I have many Colin Davis interpretations on disc, and 
          most of them are absolutely marvellous. From Mozart to Tippett, from 
          Haydn to Stravinsky, he sheds new light on work after work, injecting 
          the music with life and revealing its structure in ways other conductors 
          don’t always manage. His recent Berlioz performances on LSO Live have 
          sometimes surpassed even his own earlier, pioneering efforts. So I was 
          looking forward enormously to hearing his Elgar symphonies – all the 
          more so having read several reviews – but the reality, though highly 
          instructive, has been a disappointment. 
        
 
        
We have a forewarning of Davis’s manner at the outset 
          with the way he pulls up the tempo at the end of the ninth bar of the 
          first symphony’s opening movement, just before the restatement of the 
          main theme. This is an important rhetorical gesture a matter of seconds 
          into the work, especially in music of such textural and thematic simplicity, 
          but it sets the tone for what follows. I think this must be the slowest 
          introduction on record, but if not, it seems the slowest; so slow, in 
          fact, that it feels like a separate thing altogether, when it should 
          – like the first movement introduction of Tchaikovsky’s Pathétique 
          – be a preparation for what follows. The effect is heavy, even funereal. 

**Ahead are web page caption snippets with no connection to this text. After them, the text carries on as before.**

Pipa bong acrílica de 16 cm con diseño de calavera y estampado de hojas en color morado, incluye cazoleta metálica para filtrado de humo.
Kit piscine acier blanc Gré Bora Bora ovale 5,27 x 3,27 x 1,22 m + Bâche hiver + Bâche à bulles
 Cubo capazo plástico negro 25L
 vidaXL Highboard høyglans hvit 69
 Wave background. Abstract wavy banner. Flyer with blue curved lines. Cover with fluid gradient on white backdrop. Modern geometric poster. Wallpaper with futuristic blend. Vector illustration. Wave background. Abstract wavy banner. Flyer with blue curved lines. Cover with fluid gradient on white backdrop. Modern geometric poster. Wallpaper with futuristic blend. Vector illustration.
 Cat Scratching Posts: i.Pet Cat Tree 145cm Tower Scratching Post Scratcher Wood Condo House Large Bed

          Davis is very interventionist in the allegro which follows, making 
          expressive points in places other than where the composer’s markings 
          ask for them. And Elgar was no slouch where markings were concerned: 
          the scores are showered with indications, not always absolutely clear, 
          sometimes apparently contradictory, but giving the conductor much food 
          for thought. Davis is not satisfied with this, and he inserts all kinds 
          of things of his own. Unfortunately, his main expressive device is to 
          take extra time over certain moments, and this often within the context 
          of a principal tempo which is already on the slow side. Time and again 
          the music is held back to underline some small thematic feature, often, 
          as at the ninth bar of the piece, at the ends of phrases. This gives 
          a disjointed, stop-go feel to the longer movements, leaving the listener 
          impatiently asking why he won’t leave things alone and simply get on 
          with it. Certain moments, unforgivably, even outstay their welcome. 
          There are times, too, where the point of the music seems to be lacking. 
          Where is the fantasy in the wonderful passage which begins with the 
          solo violin around 11’00", again in the first movement, just before 
          figure 30 in the score? And the passage beginning at figure 44 (around 
          12’00") gives little sense of the music straining at the limits 
          (in spite of the conductor’s groans, of which more later). The release 
          which should be engendered by the return of the main theme which follows 
          seems muted too. Davis slows the music down very early to announce that 
          the movement is coming to an end, but before then the tempo has been 
          pulled about so much that there seems no logical reason for the music 
          to stop there, the movement lacking in unity of thought or pulse. 
        
 
        
The opening of the scherzo seems to go well, but the 
          orchestral crashes lack power, perhaps a problem with the recording. 
          The lovely second subject ("Play it like something we hear down 
          by the river" Elgar famously said) is sadly lacking in the charm 
          we might hope for when we know that the word amabile appears 
          at several points in the score in this movement. And then Davis totally 
          compromises the linking passage between the scherzo and the slow movement 
          by imposing an unmarked rallentando which begins, in any case, 
          preposterously early and is carried to extreme lengths where other conductors 
          are content with far less as a way of easing the way into the adagio. 
        
 
        
The slow movement is beautifully played, its inward 
          atmosphere extremely concentrated, though even here one would think 
          that every crescendo indication was accompanied by an accelerando. 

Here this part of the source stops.